The monitor overseeing the court-ordered restructuring and wind-down of the League Group of Companies has written cheques to a number of unsecured creditors and former employees of the property- development company.

The monitor overseeing the court-ordered restructuring and wind-down of the League Group of Companies has written cheques to a number of unsecured creditors and former employees of the property- development company.

PricewaterhouseCoopers, which has been overseeing the proceedings since League applied for court protection under the Companies Creditors Arrangement Act in October 2013, paid a total of $1.375 million to 160 unsecured creditors — less than 10 per cent of what that group was owed — and $68,189 was distributed to 42 former employees.

The payments are the latest step in wiping League from the record books.

In December, the monitor reported that of the total recovery of $210 million from the sale of what was left of League’s assets, about $200 million has been paid to stakeholders, including $181 million to secured mortgage holders.

But most of League’s 4,280 investors, who pumped $370 million into various investment schemes, will get little of their investment back.

According to the monitor, all investors in a loss position will automatically be included in a class action suit against the insurance company that backed League’s directors, officers and trustees.

But those insurance policies offer just over $20 million in coverage.

The monitor has estimated individual investors will receive on average about eight cents on the dollar if those policies pay out.

According to PricewaterhouseCoopers, investors holding secured notes, unsecured investor notes and equity investments have been paid about $9.2 million so far, and are due to split another $6.9 million, about four per cent of the $370 million invested.

The two-phase wind-down approved by the courts will see League close most of its 170 corporations by the end of April.

The second phase will include selling League’s final property asset, pursuing money owed from another property and fighting for the insurance money. That could take as long as two years.

The monitor has placed the blame for the financial mess on League founders Adam Gant and Emanuel Arruda, noting in the reports that their lack of experience and knowledge of the sector led to them being in over their heads.

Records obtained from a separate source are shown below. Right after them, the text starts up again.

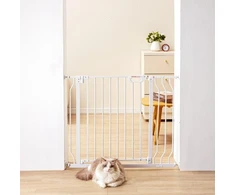 Koduva Šunų varteliai durų angoms VEVOR W3312, balti, 75-99 cm, aukštis 76 cm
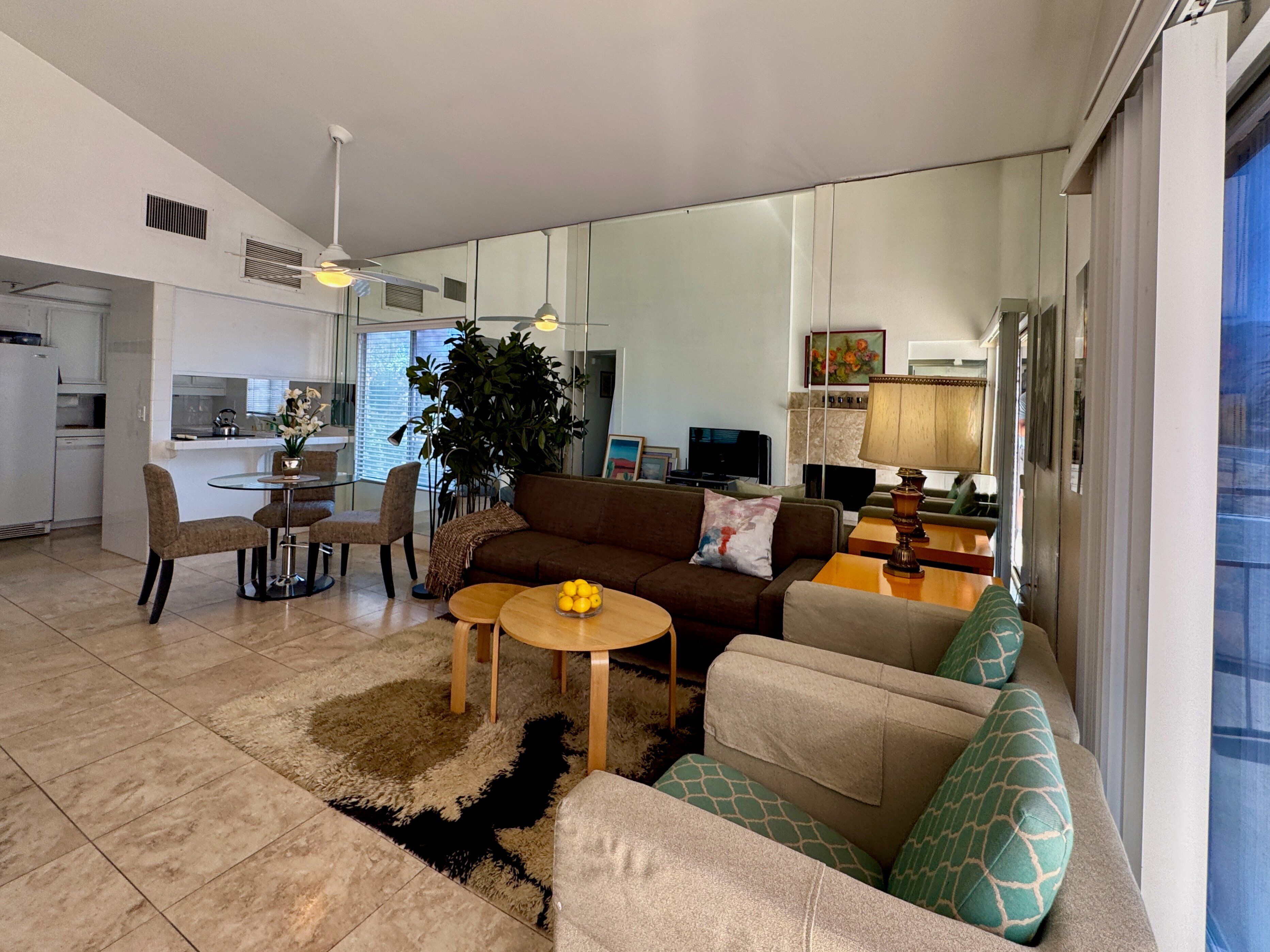 Smart TV, fireplace, books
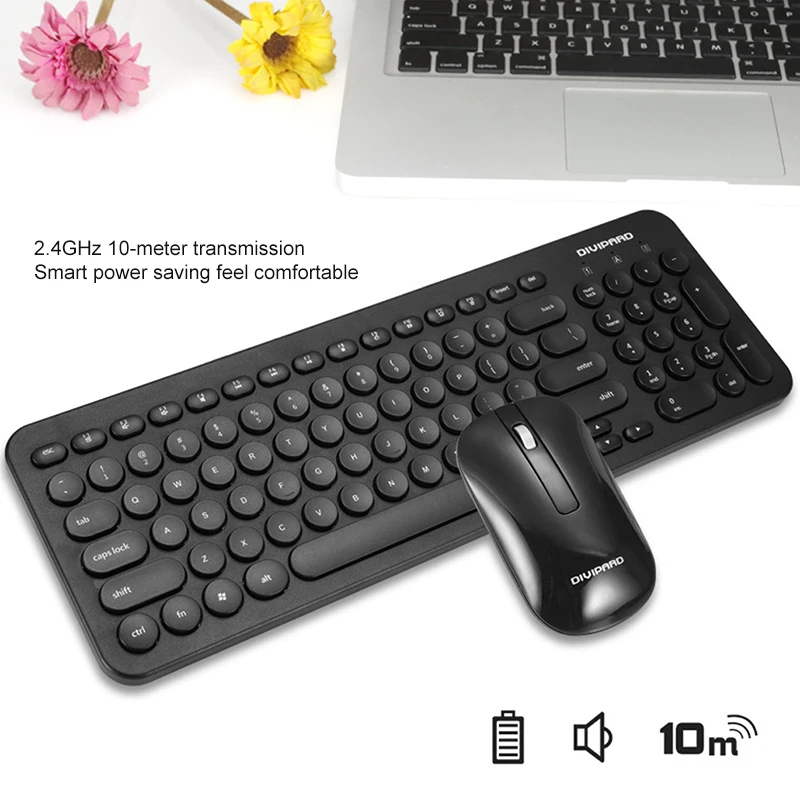 

Portable Punk Wireless Keyboard Set Candy Color Mini 2.4GHz Round Keycap Keyboard and Mouse Combo for PC Laptop Notebook Gifts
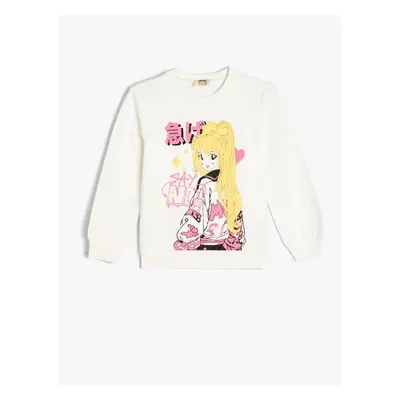 Koton Sweatshirt Anime Printed Crew Neck Long Sleeve Cotton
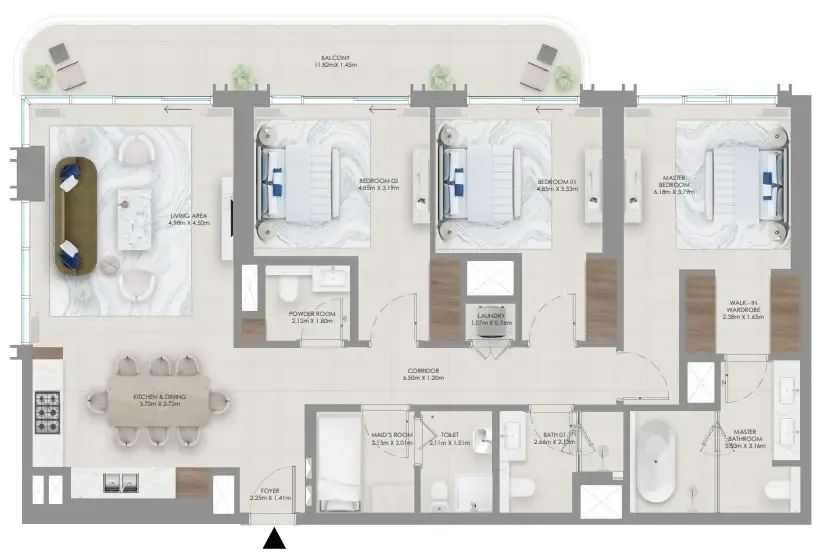 Baystar by Vida 3 bed floor plan, 1,704 sqft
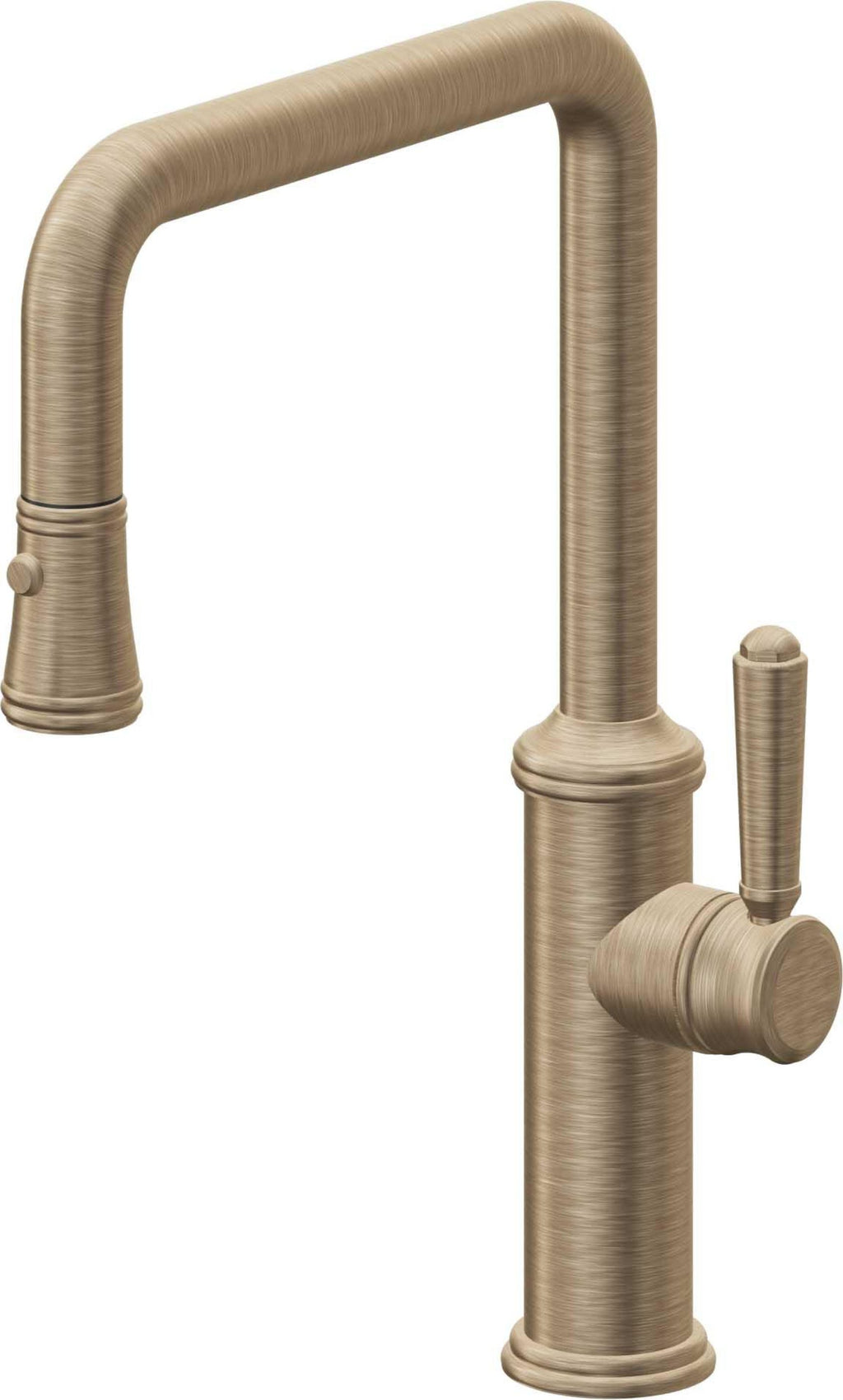 California Faucets Davoli Llave de Cocina Extraíble Tradicional - Surtidor Quad - Latón Antiguo Mate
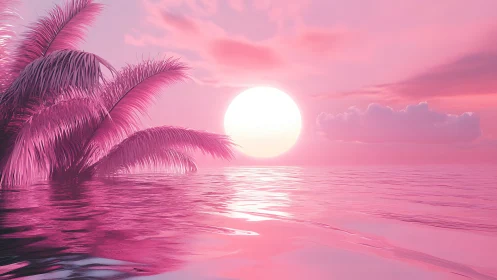 Digital sunset seascape with magenta palms and reflective water.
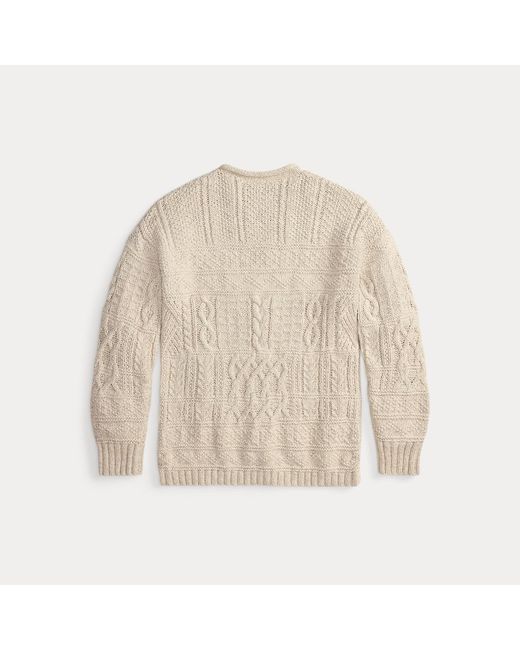 RRL Natural Cable-Knit Roll Neck Jumper for men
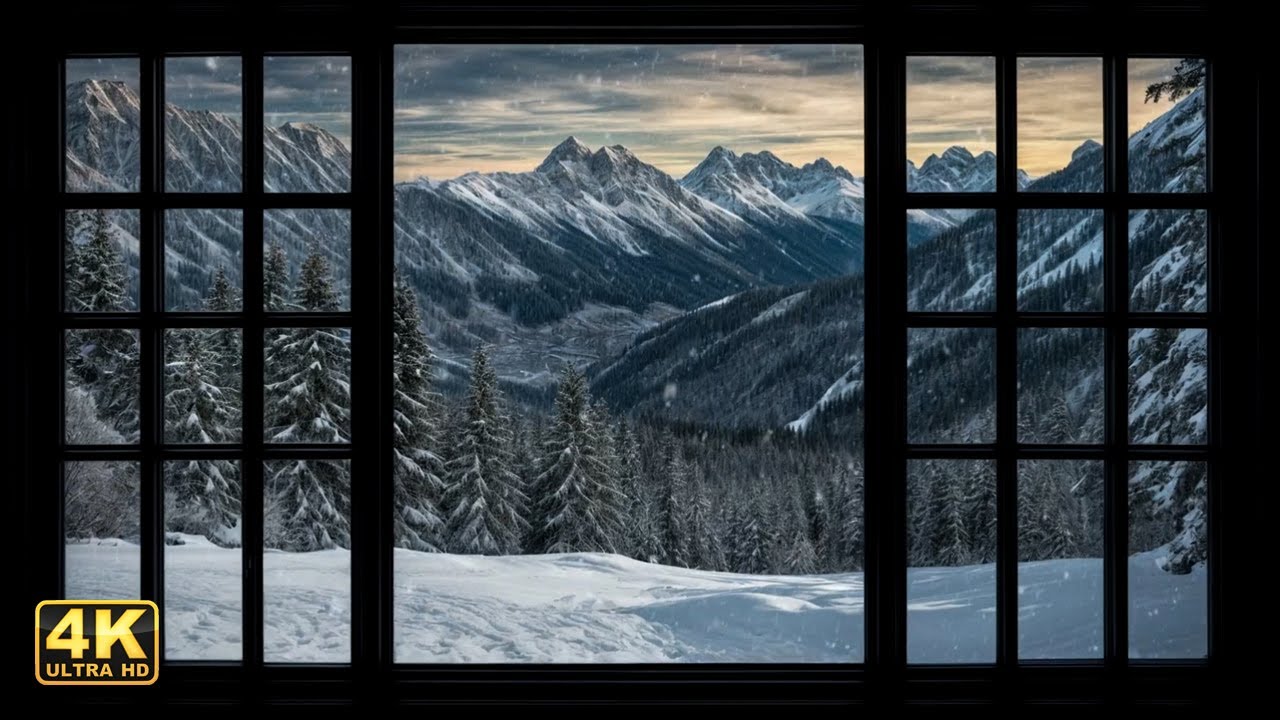 4K Peaceful Snow-Covered Forest – Daytime Winter Ambience for Study and Sleep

Gant, who was forced to resign as League‘s chief executive by the courts in November 2013, is now an adviser at REAfe, which appears to be a real estate consultancy business.

His personal real estate dealings have also made news. His West Saanich Road home is on the market in a court-ordered sale after he defaulted on his mortgage. The Bank of Nova Scotia foreclosed in April last year after it appears Gant stopped making mortgage and property-tax payments.

Gant defaulted owing the bank $3.63 million plus interest and the bank secured the right to sell in November. The 2011 home on 13.4 acres at 7566 West Saanich Rd. looking out on the Saanich Inlet has four bedrooms and three bathrooms over 4,000 square feet. The home, listed for $4.2 million, is sitting on farm land and was last assessed at $1.09 million, down from $1.189 a year ago.